Personal information
- Born: 1955 (age 70–71) Banff, Alberta, Canada
- Occupation: Jockey

Horse racing career
- Sport: Horse racing
- Career wins: 3,668

Major racing wins
- Longacres Mile Handicap (1984, 1997) Canadian Derby (1989) BC Premier's Handicap (1991, 2000) British Columbia Oaks (1995, 1996, 1997, 1999, 2001) British Columbia Derby (1996, 1998) Gottstein Futurity (1996) Ballerina Stakes (1997, 2001)

Racing awards
- Sovereign Award for Outstanding Apprentice Jockey (1976) Sovereign Award for Outstanding Jockey (1984) Avelino Gomez Memorial Award (2001)

Honours
- British Columbia Horse Racing Hall of Fame (1992) Canadian Horse Racing Hall of Fame (2007) Chris Loseth Handicap at Hastings Racecourse

Significant horses
- Delta Colleen, Travelling Victor Kid Katabatic, Police Inspector

= Chris Loseth =

Canadian jockey

Chris Loseth (born 1955 in Banff, Alberta) is a Canadian Thoroughbred horse racing jockey.
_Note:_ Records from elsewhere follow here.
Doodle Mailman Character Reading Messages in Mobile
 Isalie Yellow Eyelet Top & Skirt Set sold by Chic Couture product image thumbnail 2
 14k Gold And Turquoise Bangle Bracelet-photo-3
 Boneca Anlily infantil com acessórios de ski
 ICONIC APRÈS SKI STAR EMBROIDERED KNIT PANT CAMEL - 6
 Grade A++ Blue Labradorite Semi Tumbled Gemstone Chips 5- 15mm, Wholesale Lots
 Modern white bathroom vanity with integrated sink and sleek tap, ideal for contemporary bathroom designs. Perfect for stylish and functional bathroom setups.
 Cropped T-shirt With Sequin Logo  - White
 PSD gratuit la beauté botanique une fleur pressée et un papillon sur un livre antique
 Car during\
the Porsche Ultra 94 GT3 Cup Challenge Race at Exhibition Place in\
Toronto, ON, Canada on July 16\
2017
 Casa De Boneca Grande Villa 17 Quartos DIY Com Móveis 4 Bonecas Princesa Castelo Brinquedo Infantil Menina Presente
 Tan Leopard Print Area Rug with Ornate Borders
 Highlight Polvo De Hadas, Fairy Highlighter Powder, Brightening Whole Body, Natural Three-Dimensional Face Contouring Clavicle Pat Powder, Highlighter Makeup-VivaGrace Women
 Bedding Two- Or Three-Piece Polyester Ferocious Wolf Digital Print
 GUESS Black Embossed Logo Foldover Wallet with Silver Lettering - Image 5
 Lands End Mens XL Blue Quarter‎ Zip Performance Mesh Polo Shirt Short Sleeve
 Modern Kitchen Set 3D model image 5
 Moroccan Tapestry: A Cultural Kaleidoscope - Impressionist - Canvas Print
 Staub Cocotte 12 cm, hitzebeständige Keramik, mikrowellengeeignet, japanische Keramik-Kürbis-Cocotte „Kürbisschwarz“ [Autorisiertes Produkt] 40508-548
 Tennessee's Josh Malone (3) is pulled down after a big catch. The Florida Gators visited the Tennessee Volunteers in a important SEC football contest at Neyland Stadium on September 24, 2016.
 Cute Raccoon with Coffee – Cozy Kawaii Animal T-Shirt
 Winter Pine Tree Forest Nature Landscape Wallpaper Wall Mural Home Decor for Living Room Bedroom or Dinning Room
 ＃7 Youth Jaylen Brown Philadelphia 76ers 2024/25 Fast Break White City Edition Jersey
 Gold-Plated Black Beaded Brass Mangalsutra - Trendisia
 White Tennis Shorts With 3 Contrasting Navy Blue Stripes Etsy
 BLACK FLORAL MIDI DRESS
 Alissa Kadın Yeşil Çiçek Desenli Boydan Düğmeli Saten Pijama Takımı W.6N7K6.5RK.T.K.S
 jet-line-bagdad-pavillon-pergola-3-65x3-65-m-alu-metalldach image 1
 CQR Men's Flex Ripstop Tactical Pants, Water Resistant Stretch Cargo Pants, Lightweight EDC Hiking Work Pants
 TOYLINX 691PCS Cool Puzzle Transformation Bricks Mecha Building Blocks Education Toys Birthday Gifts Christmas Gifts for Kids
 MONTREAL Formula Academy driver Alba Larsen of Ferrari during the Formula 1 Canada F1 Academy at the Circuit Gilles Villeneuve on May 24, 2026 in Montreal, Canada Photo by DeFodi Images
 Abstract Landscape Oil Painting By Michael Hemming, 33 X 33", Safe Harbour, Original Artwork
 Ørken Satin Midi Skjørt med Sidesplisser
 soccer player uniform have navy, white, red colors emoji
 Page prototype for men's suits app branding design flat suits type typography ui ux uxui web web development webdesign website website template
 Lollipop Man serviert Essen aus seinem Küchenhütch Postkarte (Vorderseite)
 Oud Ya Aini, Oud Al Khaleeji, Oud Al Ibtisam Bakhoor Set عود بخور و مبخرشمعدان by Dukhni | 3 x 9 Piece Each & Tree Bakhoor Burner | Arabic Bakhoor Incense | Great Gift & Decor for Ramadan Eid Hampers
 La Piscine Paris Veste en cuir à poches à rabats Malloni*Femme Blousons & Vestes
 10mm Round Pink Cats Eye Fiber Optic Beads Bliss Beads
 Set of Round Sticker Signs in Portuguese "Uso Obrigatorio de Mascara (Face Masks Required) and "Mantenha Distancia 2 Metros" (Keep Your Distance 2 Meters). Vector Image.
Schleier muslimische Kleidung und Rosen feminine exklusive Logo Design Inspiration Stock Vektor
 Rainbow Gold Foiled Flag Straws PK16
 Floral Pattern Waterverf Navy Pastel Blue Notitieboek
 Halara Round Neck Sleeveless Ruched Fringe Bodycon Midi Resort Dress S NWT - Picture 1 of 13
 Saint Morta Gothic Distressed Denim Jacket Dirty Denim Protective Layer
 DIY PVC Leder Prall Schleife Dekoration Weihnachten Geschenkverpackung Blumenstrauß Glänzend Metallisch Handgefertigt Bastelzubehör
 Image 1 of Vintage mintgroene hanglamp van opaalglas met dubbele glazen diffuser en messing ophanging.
At age six, Loseth's family moved to Fort Nelson, British Columbia then in the year before he graduated high school they resettled in Grand Forks. As a boy he was inspired by the success of the great Alberta jockey, Johnny Longden. After finishing high school, in 1974 Loseth began an apprenticeship at Hastings Racecourse in Vancouver, British Columbia that saw him go on to compete in more than 26,000 races. He retired on June 12, 2005, having won more races and stakes events than any other jockey in the one hundred and sixteen-year history of Hastings Racecourse.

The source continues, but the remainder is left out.